Il est presque huit heures, nous sommes le dimanche 3 mars 2019. Mélina Pourcil se détache quelques instants du stand de paniers en osier de ses parents. Vêtue d’un tablier vert, la jeune femme apparaît comme une véritable professionnelle. Ses cheveux noirs tressés retombent sur ses épaules. Nous nous asseyons sur deux tabourets en bois près du stand. Mélina, 19 ans, a parcouru les marchés avec ses parents dès son plus jeune âge. Depuis des générations, sa famille incarne la vannerie. Artisans, ils se déplacent dans toute la région Occitanie afin de vendre leurs produits. Mélina a arrêté l’école à 16 ans. Brevet en poche, elle a décidé de poursuivre la tradition familiale. «C’était une évidence, les cours n’étaient pas faits pour moi.»
Elle confie à demi-mot, qu’elle pratiquait l’école buissonnière. Plutôt que d’assister aux cours Mélina préférait «travailler». Cette confidence semble lui rappeler de bons souvenirs. Une légère étincelle fait briller ses grands yeux noirs. « Un jour, mes parents partaient pour un village dans les Cévennes. Je voulais absolument y aller avec eux. Ils ne voulaient pas que je rate des cours. Du coup, je me suis cachée à l’arrière de la camionnette. J’ai passé tout le trajet entre les paniers à imaginer la réaction de mes parents.» Ils ont tout simplement ri. Ses paternels lui ont ensuite expliqué l’importance d’avoir le diplôme minimal. Même si sur le moment Mélina n’en a pas compris l’intérêt, elle est désormais contente d’avoir cette sécurité. La jeune fille hésite, elle n’est pas sûre d’exercer cette activité toute sa vie. Elle aimerait prendre son indépendance vis-à-vis de ses parents et quitter le nid familial. Pendant sa scolarité, elle s’est installée avec sa famille dans un appartement à Palavas-Les-Flots. Ils souhaitaient qu’elle évolue dans l’environnement le plus stable possible. Ensuite, ils ont investi dans un camping-car. Cela facilitait leurs déplacements et leur permettait d’aller de plus en plus loin.

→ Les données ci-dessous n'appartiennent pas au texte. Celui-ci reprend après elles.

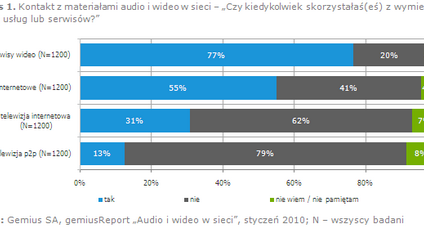 Treści audio i wideo opanowują sieć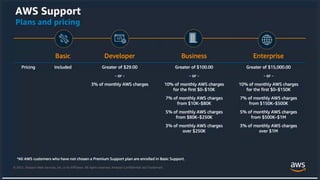 © 2021, Amazon Web Services, Inc. or its Affiliates.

Brusquement, Marcel Pourcil l’appelle au loin, les bras chargés de paniers. Elle bondit et court aider son père. Le marché se remplit, elle doit serpenter entre les passants. Ses bras robustes se saisissent des marchandises et les disposent sur la table de fortune. Pour la première fois depuis des semaines, elle s’est octroyée une pause. Debout derrière son étal, Mélina paraît assurée, et un large sourire déforme sa bouche. Entre deux clients, les confidences se poursuivent. Son grand rêve serait d’ouvrir une boutique de bijoux fantaisies au bord de la mer. Quand on l’interroge sur ce qu’en pense ses parents, son visage se ferme.
Il est presque 09h30, le marché déborde de monde.